** DATA LISTING follows **

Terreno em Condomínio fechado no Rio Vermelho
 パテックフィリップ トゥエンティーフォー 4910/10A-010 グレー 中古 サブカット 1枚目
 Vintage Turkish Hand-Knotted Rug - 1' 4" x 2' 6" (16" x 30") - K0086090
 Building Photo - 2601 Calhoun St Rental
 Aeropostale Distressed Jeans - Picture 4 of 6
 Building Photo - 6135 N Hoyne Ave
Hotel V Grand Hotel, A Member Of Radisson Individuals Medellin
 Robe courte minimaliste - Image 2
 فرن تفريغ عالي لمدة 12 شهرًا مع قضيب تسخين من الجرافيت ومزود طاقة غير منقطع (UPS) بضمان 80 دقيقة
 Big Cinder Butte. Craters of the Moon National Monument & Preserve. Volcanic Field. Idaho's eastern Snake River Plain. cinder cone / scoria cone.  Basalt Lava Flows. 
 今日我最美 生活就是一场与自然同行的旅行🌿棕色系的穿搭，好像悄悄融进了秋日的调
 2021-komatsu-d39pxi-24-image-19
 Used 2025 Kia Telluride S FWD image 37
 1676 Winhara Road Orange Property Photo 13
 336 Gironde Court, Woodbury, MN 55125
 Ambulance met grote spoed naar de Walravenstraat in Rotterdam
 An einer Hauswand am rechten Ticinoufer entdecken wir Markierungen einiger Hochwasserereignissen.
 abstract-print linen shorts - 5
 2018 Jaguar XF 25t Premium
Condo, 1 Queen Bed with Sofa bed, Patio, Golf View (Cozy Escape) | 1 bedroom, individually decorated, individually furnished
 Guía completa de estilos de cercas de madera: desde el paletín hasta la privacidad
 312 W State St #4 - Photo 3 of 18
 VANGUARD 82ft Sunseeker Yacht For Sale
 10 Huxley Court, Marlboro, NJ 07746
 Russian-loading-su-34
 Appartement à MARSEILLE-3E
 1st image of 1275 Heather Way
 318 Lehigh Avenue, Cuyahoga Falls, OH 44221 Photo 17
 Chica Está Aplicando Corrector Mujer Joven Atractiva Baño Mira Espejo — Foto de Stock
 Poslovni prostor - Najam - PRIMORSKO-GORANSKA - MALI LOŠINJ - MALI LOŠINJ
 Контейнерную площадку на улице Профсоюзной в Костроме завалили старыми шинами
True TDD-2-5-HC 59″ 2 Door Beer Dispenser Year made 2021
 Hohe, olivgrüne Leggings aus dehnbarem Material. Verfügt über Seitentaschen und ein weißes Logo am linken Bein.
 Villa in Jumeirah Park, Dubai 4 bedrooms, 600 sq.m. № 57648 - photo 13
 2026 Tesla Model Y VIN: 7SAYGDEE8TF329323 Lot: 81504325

** End of DATA LISTING **

_TASK REQUIREMENTS_
Write out, please, only the lines from the one with "Guía completa de" through the last line above, both included and unchanged.

_ANSWER SECTION_
 Guía completa de estilos de cercas de madera: desde el paletín hasta la privacidad
 312 W State St #4 - Photo 3 of 18
 VANGUARD 82ft Sunseeker Yacht For Sale
 10 Huxley Court, Marlboro, NJ 07746
 Russian-loading-su-34
 Appartement à MARSEILLE-3E
 1st image of 1275 Heather Way
 318 Lehigh Avenue, Cuyahoga Falls, OH 44221 Photo 17
 Chica Está Aplicando Corrector Mujer Joven Atractiva Baño Mira Espejo — Foto de Stock
 Poslovni prostor - Najam - PRIMORSKO-GORANSKA - MALI LOŠINJ - MALI LOŠINJ
 Контейнерную площадку на улице Профсоюзной в Костроме завалили старыми шинами
True TDD-2-5-HC 59″ 2 Door Beer Dispenser Year made 2021
 Hohe, olivgrüne Leggings aus dehnbarem Material. Verfügt über Seitentaschen und ein weißes Logo am linken Bein.
 Villa in Jumeirah Park, Dubai 4 bedrooms, 600 sq.m. № 57648 - photo 13
 2026 Tesla Model Y VIN: 7SAYGDEE8TF329323 Lot: 81504325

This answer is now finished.